この頃の私は、父から引き継いだ「奥織物株式会社」を経営し、タオル織機でタオルを織ることを事業としていていたため、これまで通りの作り方で、まずはウガンダオーガニックコットンの糸で1枚のタオルサンプルを織り上げることに取り組んだ。私はまず現状の織機でおれる糸にするため、糊付け屋さんに掛け合った。友人を通じて紹介してもらった糊付け屋さんは私に「ちょうどオーガニック専用の糊付けがあるよ。」と告げ、私は二つ返事でそのオーガニック専用の糊付けを発注した。糊付け屋さんから上がってきた糸を、そのまま整経屋さん(織機のビームに糸を巻く専門職)に届け、糸を巻いてもらった。整経屋さんからは「特に問題なかったよ。
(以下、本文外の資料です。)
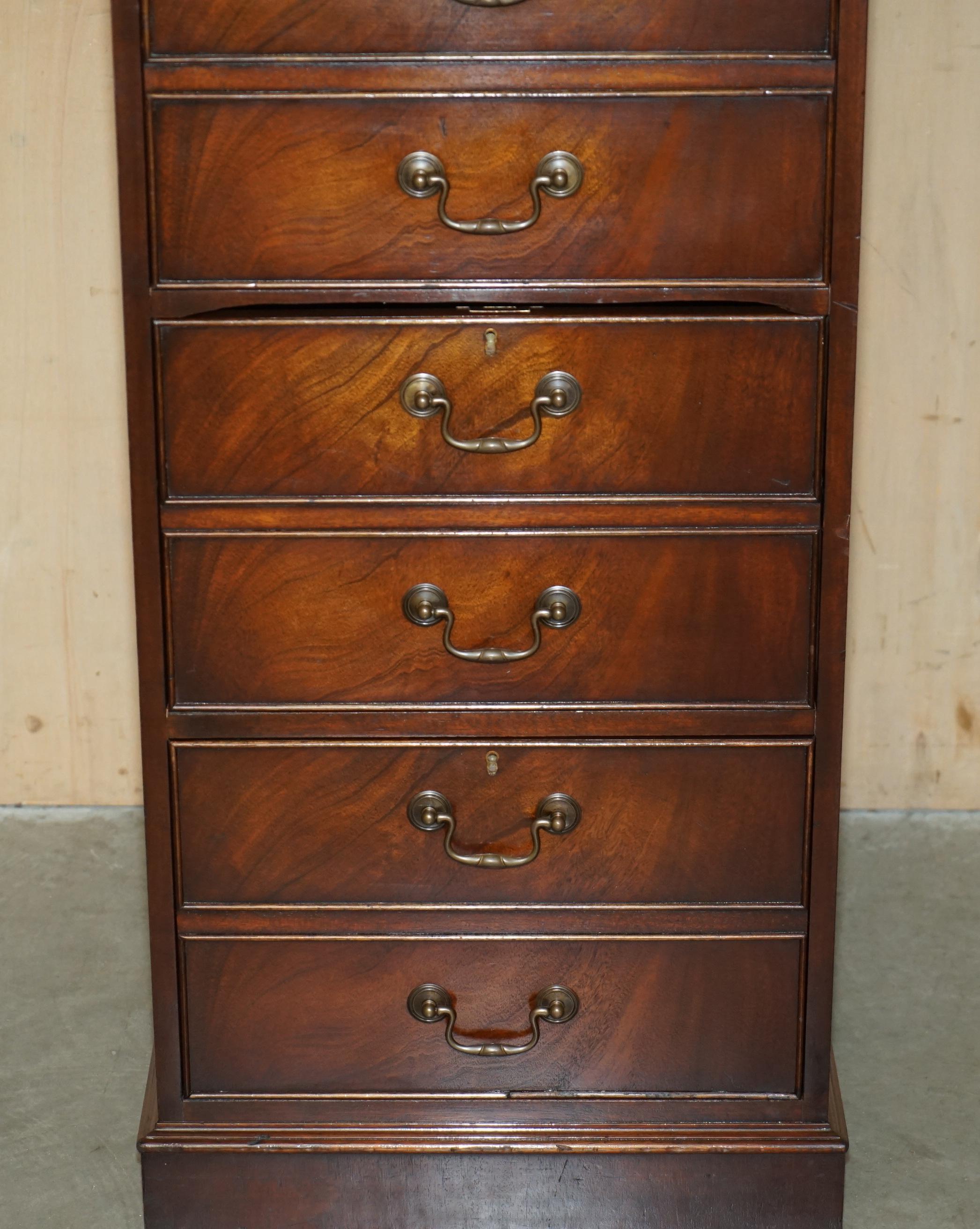 LOVELY FLAMED HARDWOOD LARGE FOUR DRAWER FILING CABiNET WITH GREEN LEATHER TOP In Good Condition For Sale In West Sussex, Pulborough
」と嬉しい言葉を頂き、難なくタオルのサンプルを織りあげ、いつもお願いしていた染工場へ精練加工をお願いし、ウガンダオーガニックコットンを使用したタオルのサンプルが無事に出来上がった。
私は、再びウガンダへ出向き柏田氏に預かった糸で織り上げたタオルサンプルを見せた。柏田氏はとても喜んでくれた。
私は、柏田氏に「これから、ウガンダオーガニックコットンを素材としたタオル作りに本気で取り組みたいと考えています。色々研究すべきことは多くありますが、頑張りますのでよろしくお願いします。」と熱意を伝えた。そしてその足で、ウガンダオーガニックコットンの農場が広がるウガンダ北部へ足を延ばし。初めてウガンダオーガニックコットンが作られるリラ地区(Lila District)へ入った。私が行った時期は、ちょうど花が咲いて蕾ができる時期だったため、コットンボールを見ることはできなかったが、これから長年向き合っていく素材を生み出す地域の空気を吸えたことで大きな満足感を感じ、また柏田氏の工場のようなウガンダオーガニックコットンしか存在しない「完全な一貫生産工場の実現」を目指すという心の中で芽生えた新たな目標を感じながらウガンダから帰国した。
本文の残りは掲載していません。